Receiving Wide Coverage ...

Gold Rush: Three armed robbers stole historic gold nuggets from Wells Fargo's corporate museum in San Francisco on Tuesday. The masked suspects crashed their sports-utility vehicle into the entrance of the museum and broke into the display case while holding a security guard at gunpoint, according to reports. At an estimated value of $10,000, the nuggets are hardly a staggering haul, but the New York Times notes they have sentimental value: "the nuggets date to the early days of Wells Fargo, which was founded during the gold rush of the 19th century." The Times also reports the cost of repairing the damage to the museum entrance is likely to be about $200,000, far outweighing the loss of the gold. The Wall Street Journal's account is fairly brief and to the point, though the story attracted a lively bunch of commenters.

Wall Street Journal

As Janet Yellen wraps up her first year as Federal Reserve chair, the paper takes a look at the challenges she is likely to face in 2015. The big one, of course, is deciding whether and when to raise short-term interest rates.

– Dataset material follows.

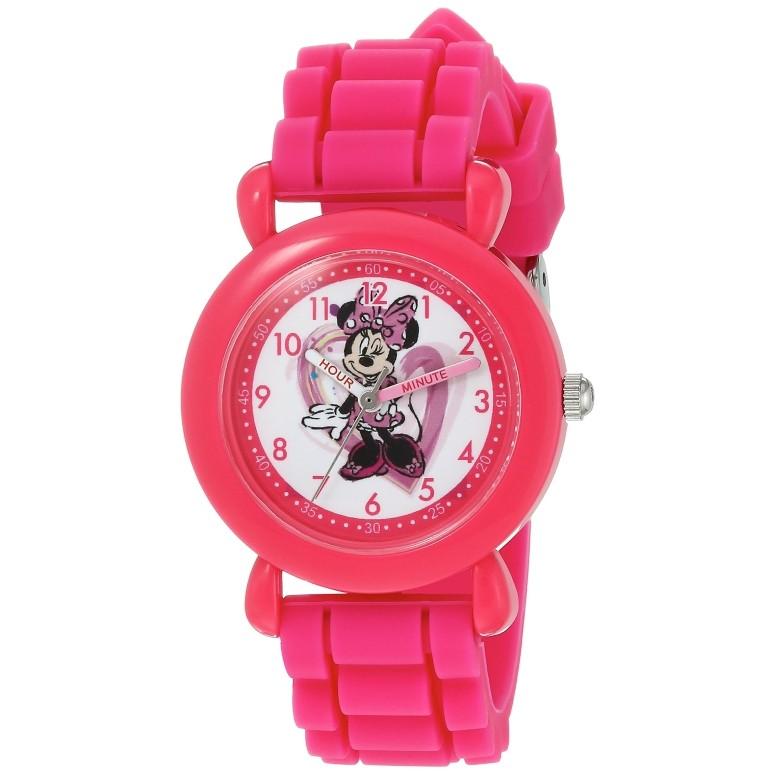 ディズニー Disney 子供用 腕時計 キッズ ウォッチ ホワイト Wds Edge Res Ba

That question will be made more difficult by a muddled economic picture, the paper reports: "While the U.S. job market has improved more quickly than policy makers expected, inflation continues to undershoot the Fed's 2% target and is likely to fall further due to plunging oil prices." Yellen's judgment calls will help shape her legacy.

Citibank will relax its screening requirements for checking and savings accounts under an agreement with New York Attorney General Eric Schneiderman, the paper reports. The bank, which uses data from the consumer-reporting agency ChexSystems, "will modify its screening criteria and only decline applicants if they have two or more reported incidents of account abuse in recent years, the total combined loss from those incidents exceeds $500 and the losses remain unpaid." The change is intended to ensure that more low-income applicants are able to gain access to banking services.

Former Fed vice chairman Alan Blinder warns in an op-ed the central bank may "spend the year defending itself against a series of congressional attacks on its independence." He's concerned recently passed legislation requiring the Federal Reserve Board to include at least one community banker sets precedent for "assigning board seats to specific constituencies." But he's even more worried about the resurgence of proposals that would require the Fed's monetary policy to abide by the Taylor rule, give Congress permission to audit the Fed's decisions and curtail the central bank's ability to act as a lender of last resort.

Europe's interpretation of Basel III is too permissive in its "risk-free treatment" of eurozone banks' sovereign credit risks, according to the Basel Committee.

CIT Group doubled its profit in the fourth quarter as it continued to expand its commercial business. Meanwhile, Deutsche Bank investors will be on the lookout for clues about the fate of the lender's Postbank retail unit when the bank releases its quarterly results Thursday.

New York Times

Alibaba is getting into the consumer credit rating business. A unit of the Chinese e-commerce company is launching Sesame Credit Management, which will attempt to determine people's creditworthiness by culling online data about their bill payments, residential histories and online purchases.

Defense lawyers are protesting the Securities and Exchange Commission's recent shift toward trying more cases before administrative law judges rather than heading to federal court. Peter J. Henning suggests the defense may have a point. The key question, he writes, is "whether administrative judges are sufficiently accountable to the president that there is no violation of separation of powers principles."